The new catalog published in this online presentation of the Miller Flute Collection describes the musical instruments in that collection. It is the cumulative, and, at times, collaborative record that has grown over time through the labors of Dayton Miller himself; former Music Division staff members William J. Lichtenwanger, Laura E. Gilliam, and, more recently, Catherine Folkers, who has made valuable contributions both as former curator of the collection and, independently, as a maker; by staff members Robert E. Sheldon and Carol Lynn Ward Bamford; and by others, principally Mary Jean Simpson, Michael Seyfrit, and Jan Lancaster. We are also indebted to the support and contributions of James Pruett, former Chief of the Music Division, and William Parsons and Robert Palian.

Dayton C. Miller Iconography

Drei Flötenspieler (Three Flute Players) possibly by Andries Pauli, or Pauwels, le vieux, 17th century. Dayton C. Miller Collection, Performing Arts Reading Room.

Unknown to many researchers, the Miller iconography collection is an eclectic but important collection of about 850 prints related to wind instruments especially, but the prints include keyboard, string, percussion, and exotic instruments as well. A selection of about 120 prints dating from the fifteenth to twentieth centuries from this iconography collection is presented here for the first time. The Miller musical iconography collection complements Dr. Miller's world-renowned collection of flutes at the Library of Congress.

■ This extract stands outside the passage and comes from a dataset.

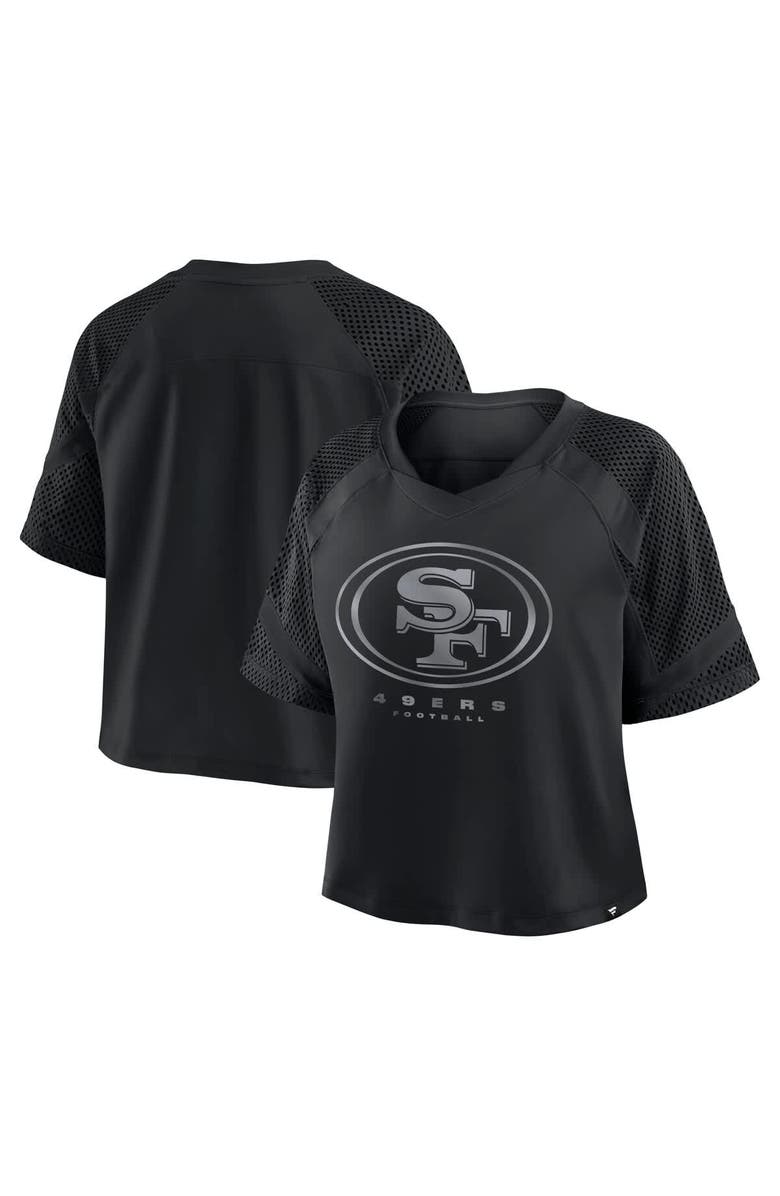 FANATICS Women's Fanatics San Francisco 49ers Oversized Raglan V-Neck Blackout Fashion Jersey, Main, color, 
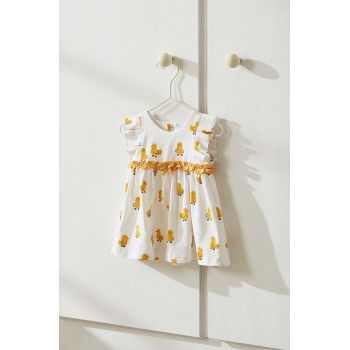Mayoral Newborn rochie bebe culoarea galben, mini, evazati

Each of the 120 selected prints is accompanied by an essay that includes biographies of artists or authors of illustrated books associated with a particular print. The entire collection, sometimes called an "iconography collection," consists of about 850 prints, each of which contains images of musical instruments, primarily wind instruments, since this collection complements Dr. Miller's collection of flutes, which Dr. Miller donated to Music Division in 1941. It is a unique, cross-disciplinary collection in the Library which has very wide appeal – to academics and students of musical iconography and/or the history of musical instruments; art historians, print specialists and historians of book illustration; librarians and curators in specialized collections; musicians who specialize in a particular period of music; the general public who might not be aware of this area of study; and, scholars who may wish to visit the collection to see the prints firsthand.

Detail from [Boy with recorder] by Jean Ganière, engraver, ?-1666, published by Nicolas Langlois, 17th century. Dayton C. Miller Collection, Performing Arts Reading Room.

The print collection has not yet been fully documented, a process that may take several more years, but it was thought to be of interest to present a small selection to the public as an introduction to this interesting, and important, collection of works on paper. Each essay describing a print is linked to a catalogue record which includes the following information: artist, artist's life dates, artist's nationality, original artist and his life dates if it is a reproductive print, title, date, century in which it was created, media, measurements, inscriptions, subject, instruments represented in the print, condition, and provenance. The most significant aspect of this presentation will be the ability to search this online selection of prints in the following ways: artist, artist's nationality, century, subject, and instrument, as well as by keyword. For example, one may search for all of the prints by Dutch artists in the collection, or perhaps for all of the 18th-century prints in the collection, or for all of the images of recorders in the collection.

Since this Web presentation offers only a selection of prints from the Miller collection, please be advised that there are sometimes references in an essay to another print in the collection which is not included in this online presentation. They are identified by Dr. Miller's catalogue number and a letter indicating his subject category, for example, 34/N, La Danse Flamande, an etching by Guttenberg, should one wish to visit the Miller collection to see it.